La gente venía a oleadas, acicalada, olorosa… Besaban a Carlota. Algunos (los que no la conocían) la compadecían: «Pobrecilla, tan joven y estropeada.» Más de uno habría considerado que aquella fiesta era algo fuera de tono: «En vez de presentarla en sociedad, deberían esconderla…» Pero Carlota era distinta. Carlota podía llegar a borrar su silla de ruedas. Bastaba hablar con ella unos instantes para olvidarse de que sus piernas eran inservibles.

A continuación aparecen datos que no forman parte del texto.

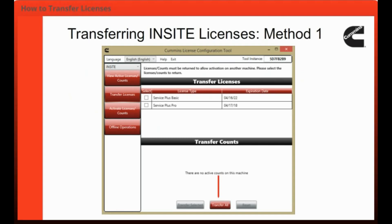To transfer all licenses, choose the Transfer All button, and the License Configuration Tool will transfer all the licenses on the machine to the server.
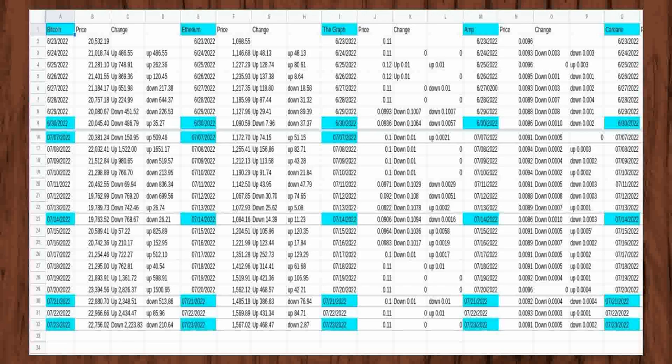In the first four days, Bitcoin rose $869.32 to $21,401.55 from $20,532.19. Ethereum rose $314.25 in the first three days to $1,235.93 from $1,098.55. The Graph stayed at $0.11 for the first two days and rose $0.01 to $0.12 on the third day of tracking prices.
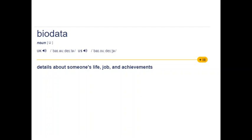In India, we use the word resume across the board — even for academic teaching jobs we use resume, and for other jobs as well we use the word resume.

De pronto vi a René Salcedo: se había puesto un esmoquin rojo y una camisa de chorreras; le presenté a su prima. Carlota le tendió los brazos para besarlo. René se volvió hacia mí sorprendido, pero reaccionó enseguida: «Yo soy encantadó, querida prima», después le presenté a Sofía… «Ocúpate de él», le rogué.

Recuerdo que Serena (vestida con traje naranja de escote pronunciado y falda abierta hasta la cadera) repartía saludos con la desenvoltura de siempre: «Estás radiante, Serena…»

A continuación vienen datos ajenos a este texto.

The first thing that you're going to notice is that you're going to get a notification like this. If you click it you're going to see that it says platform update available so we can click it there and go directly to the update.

Victoria llegó sola. Pregunté por Paco:

– Ha preferido independizarse -dijo-. Ya lo conoces. Tenía un asunto internacional -y me guiñó.

Pretendía hacernos creer que Paco había vuelto a su costumbre de ligar con extranjeras. Aunque Victoria supiera que yo «sabía», le gustaba jugar a los ignorantes.

– No tardará en llegar.

El rodar de los coches se incrementaba: era un continuo ronquido de motores cuesta arriba, de frenazos, de aceleraciones.

Fueron llegando los invitados de relieve: los Rampardal con su Mercedes último modelo. Y los Cascote y los Trigo…

– Falta Tico Sobrado.

Alguien dijo que la vieja Sobrado estaba agonizando.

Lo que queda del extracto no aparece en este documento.